Der Fachkräftemangel gilt als zentrales Wachstumsrisiko deutscher Unternehmen – doch das Problem liegt tiefer. Viele Beschäftigte arbeiten in Jobs, die weder zu ihren Werten noch zu ihren Stärken passen: Es besteht eine Fehlallokation von Talenten. Das führt zu hoher Fluktuation, geringer Motivation und teuren Fehlbesetzungen.

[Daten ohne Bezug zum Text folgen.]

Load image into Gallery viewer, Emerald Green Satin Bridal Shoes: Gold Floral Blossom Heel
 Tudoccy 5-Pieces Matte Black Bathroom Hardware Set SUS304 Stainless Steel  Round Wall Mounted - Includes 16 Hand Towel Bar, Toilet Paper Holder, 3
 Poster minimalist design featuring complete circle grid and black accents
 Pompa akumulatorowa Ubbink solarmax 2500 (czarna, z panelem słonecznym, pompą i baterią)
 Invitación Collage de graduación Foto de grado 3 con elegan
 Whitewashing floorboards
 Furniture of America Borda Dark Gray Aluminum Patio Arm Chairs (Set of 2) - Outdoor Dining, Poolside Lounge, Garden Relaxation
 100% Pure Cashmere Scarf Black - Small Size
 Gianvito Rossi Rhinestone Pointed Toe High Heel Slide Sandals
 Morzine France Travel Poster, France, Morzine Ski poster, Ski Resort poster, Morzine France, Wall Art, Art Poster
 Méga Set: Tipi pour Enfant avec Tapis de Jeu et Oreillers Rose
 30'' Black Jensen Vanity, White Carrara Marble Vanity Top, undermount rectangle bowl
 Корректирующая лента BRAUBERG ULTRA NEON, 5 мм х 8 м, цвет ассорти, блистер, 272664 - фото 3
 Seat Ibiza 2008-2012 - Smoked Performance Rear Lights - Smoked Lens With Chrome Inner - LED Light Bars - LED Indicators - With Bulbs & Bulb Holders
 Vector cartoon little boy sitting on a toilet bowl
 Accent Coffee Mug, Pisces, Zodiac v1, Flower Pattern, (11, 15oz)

Recruiting steht vor einem Umbruch, ähnlich wie Produktion und Logistik vor Jahren. Noch werden Bewerbungen oft manuell vorsortiert, Künstliche Intelligenz (KI) bietet jedoch Chancen, passgenauer und effizienter zu vermitteln. „Gerade beim Thema Effizienzsteigerung sehe ich viel Potenzial”, sagt Carolin Ludwig, Deputy Director of HR an der ESMT Berlin. Auch die Bundesregierung sieht hier Chancen: Das 2020 gegründete KI-Observatorium des Bundesministerium für Arbeit und Soziales (BMAS) analysiert den KI-Einsatz auf dem Arbeitsmarkt und erarbeitet mit relevanten Akteuren praxisnahe Lösungen. Laut dem BMAS könne KI HR-Prozesse beschleunigen, die Passgenauigkeit erhöhen und Beschäftigte im HR entlasten.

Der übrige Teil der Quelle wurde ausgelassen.